Rouen, Normandie, France.
20 novembre 2143
Je ferme la porte vivement, le cœur aussi serré que les mâchoires.
Comme si elle n’approuvait pas, elle non plus, ce que je fais, ma main peine à se détacher de la poignée. Mes doigts s’attardent le long du métal en une dernière caresse.
Ce sera le seul adieu à ma vie. Le contact éphémère de ma main sur cette poignée de porte.
Les paupières closes, les cils frémissants, j’inspire profondément.

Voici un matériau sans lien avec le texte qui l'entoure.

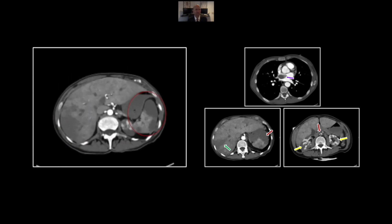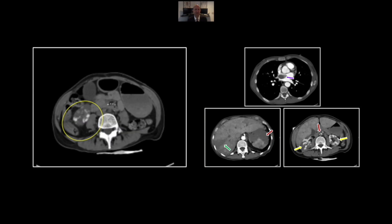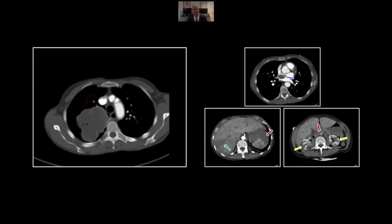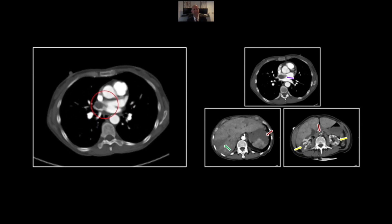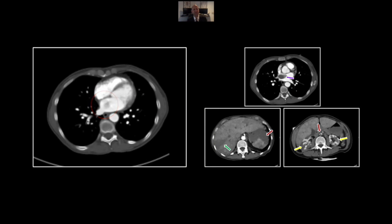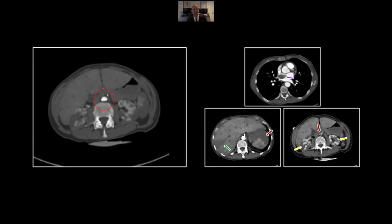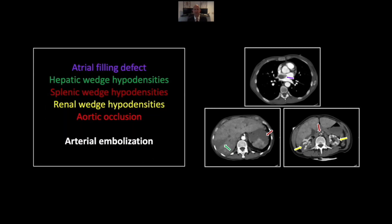Let's look one more time. Here are the emboli of the liver, spleen, and kidneys, and the right upper lobe mass extending down the pulmonary vein into the left atrium, and ultimately the occlusion of the distal aorta. So that is a case of arterial embolization related to atrial tumor thrombus.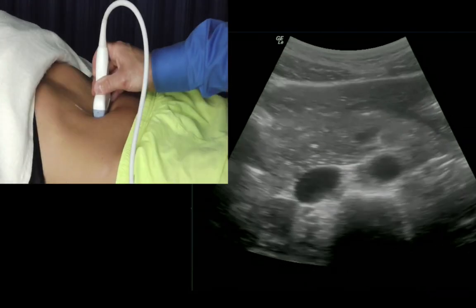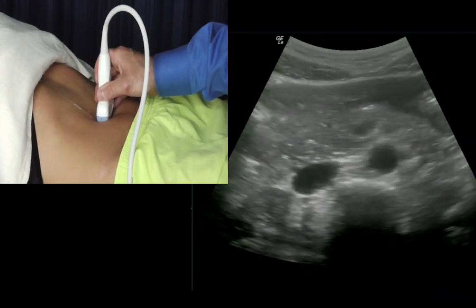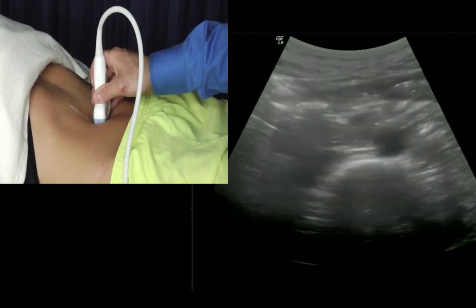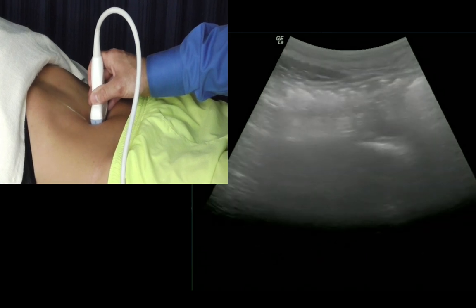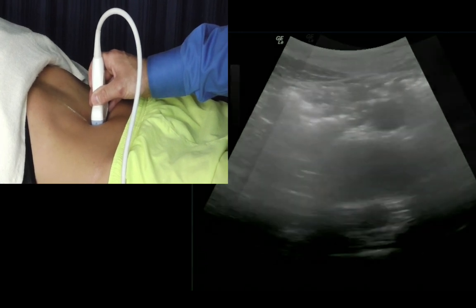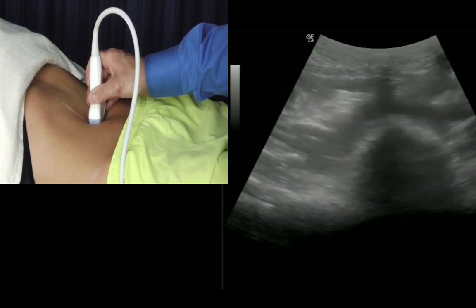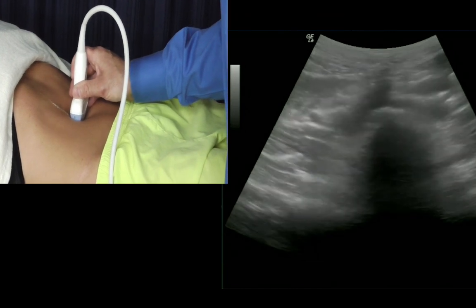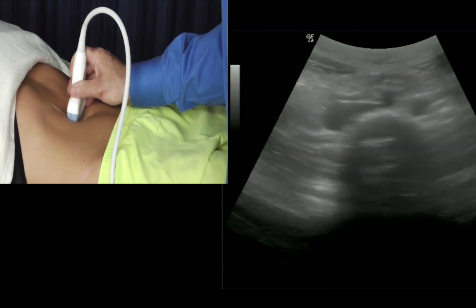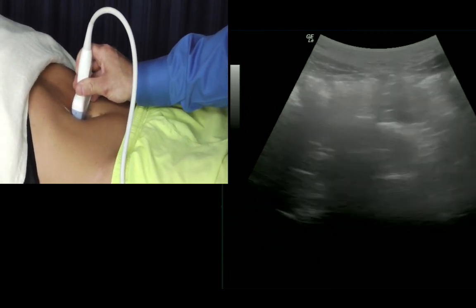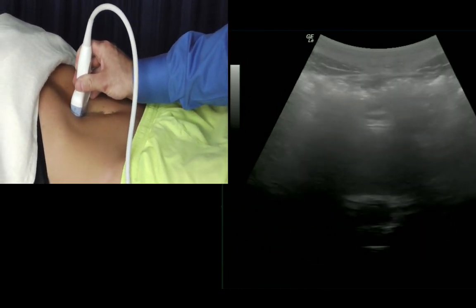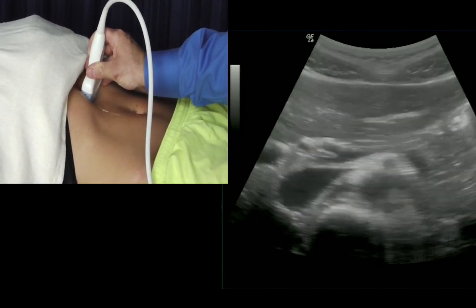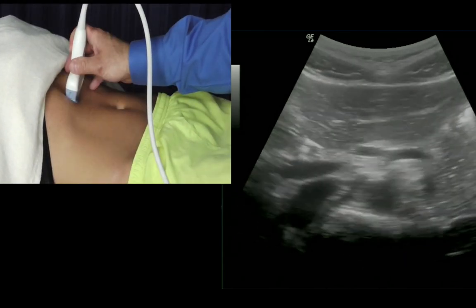As we slide down the abdomen, the aorta becomes more superficial due to the lordotic curve of the spine. Abdominal gas often obscures the aorta. However, with slow, gentle pressure, the gas will move to the side and the aorta will become visible again. It can be difficult to identify all the branches of the aorta, particularly in large patients.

Le visage de Stan, encore ensommeillé, nous souhaitant bon voyage, refuse de sortir de ma tête. À chaque battement de cœur, il s'incruste plus profondément, à la manière d'une épine sur laquelle on marche. C'est une douleur qui ne me quittera jamais.
Je tourne le dos à tout ce que je dois dès à présent considérer comme mon passé.
Serrées l’une contre l’autre, les filles m’attendent dans l’allée. À moitié cachée derrière les cheveux sombres de sa grande sœur, ma petite Lila me dévisage d’un air confus. L’azur de ses prunelles est comme masqué par des nuages d’incompréhension. À son côté, la tenant par l’épaule, Rose déploie ses épines à qui mieux mieux. Regard foudroyant, visage grondant, son ciel à elle n’est qu’orage. Je ne m’en formalise pas. Pour une fois que je peux le croiser, ce regard…
Les contempler m'aide à supporter le poids de la culpabilité et me conforte dans ma décision.
Aussi contrastées que le jour et la nuit, et tout aussi indispensables l’une à l’autre. Lila est aussi lumineuse que son père, toute de blondeur et d’azur, tandis que Rose se pare de ses mèches aussi sombres que les miennes comme d’un masque. Ses yeux noirs transpercent les miens un instant puis se détournent, plissés de fureur.
Je peux gérer ça. Qu’elle me déteste si ça l’aide, pourvu qu’elle me suive.
– On y va, les filles ? je lance. Vous n’avez rien oublié ?
Je sais que non, puisque j’ai vérifié moi-même leurs sacs à dos cette nuit. Mais c’est ce que je leur demande toujours quand on va quelque part. Je réalise trop tard qu’elles vont forcément penser à la réplique habituelle de leur père dans ces occasions.
– Maman, demande Lila d’une voix inquiète. Pourquoi Papa il vient pas avec nous ? Et pourquoi on part si tôt ?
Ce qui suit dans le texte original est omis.